By the way, Rebecca Moore Howard has long been an articulate critic of the academy's obsession with plagiarism. Alas, her most interesting material isn't online or is behind logins. Here's a short piece from Four-C's and an interesting (though horribly formatted) timeline of ideas about authorship.
posted by rodii at 2:12 PM on December 16, 2001


An intersecting issue is grade-inflation: this NPR TOTN edition featured some comments of interest.

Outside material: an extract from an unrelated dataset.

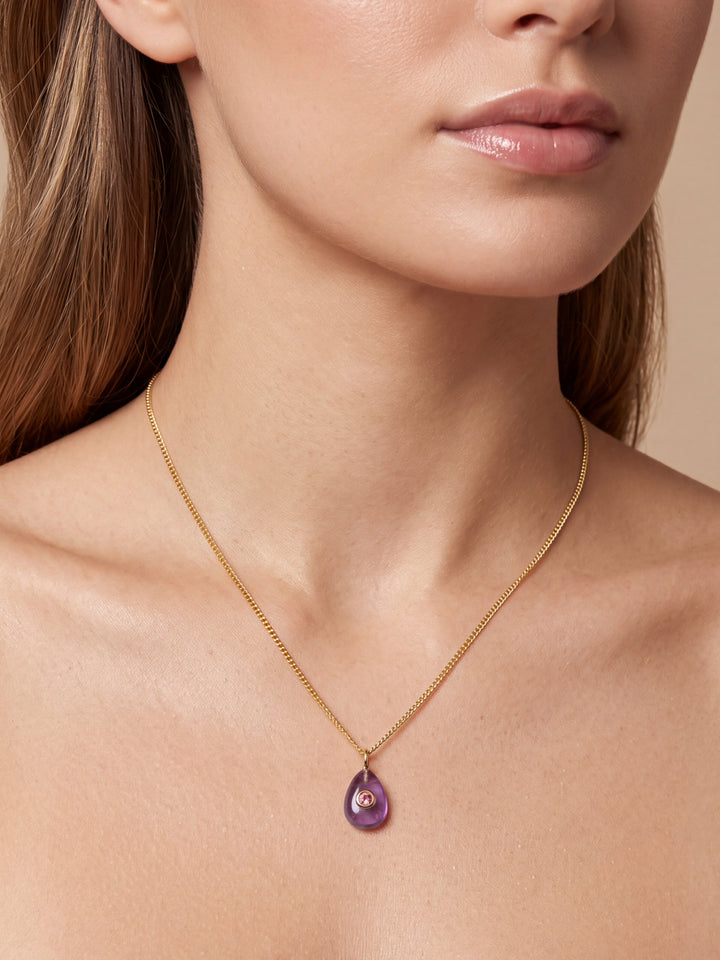 Dije Ovalado Con Centro Zirconia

I think there is a "fear factor" that might lead a student to buy a paper, or lean on web site crutches for opinions and sources, instead of reading on their own. But a student's fear is usually borne of misunderstanding the assignment. In a world of experts and new research on the news, students think that an invitation to form their own interpretation is a challenge to act like an expert and use words to push aside confusion to communicate absolute reality. If that were the case, then students would have a right to be scared. But it never is. I don't know where it comes from, but students think that they don't have opinions, or than anything they could come up with is insignificant. So they go searching for some authority's take on some obscure topic. In point of fact, students do have opinions! Papers are for teaching students to practice arguing for them. They lack self-esteem.

Is it any wonder that students think of paper-writing as an empty performance? We (We Americans, that is!) live in a culture that alternatively despises and cherises intellectualism, but always makes it seem so exotic.